Task material:
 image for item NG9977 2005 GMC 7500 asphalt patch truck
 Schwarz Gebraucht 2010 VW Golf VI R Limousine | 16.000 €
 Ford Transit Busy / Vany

==

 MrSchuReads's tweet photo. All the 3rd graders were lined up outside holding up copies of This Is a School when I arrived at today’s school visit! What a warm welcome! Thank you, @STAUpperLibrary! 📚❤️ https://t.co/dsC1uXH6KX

Task description: The lines above, starting at the one with "image for item" and ending at the one with "Ford Transit Busy / Vany", are the only ones to return, exactly as written.

Solved problem:
 image for item NG9977 2005 GMC 7500 asphalt patch truck
 Schwarz Gebraucht 2010 VW Golf VI R Limousine | 16.000 €
 Ford Transit Busy / Vany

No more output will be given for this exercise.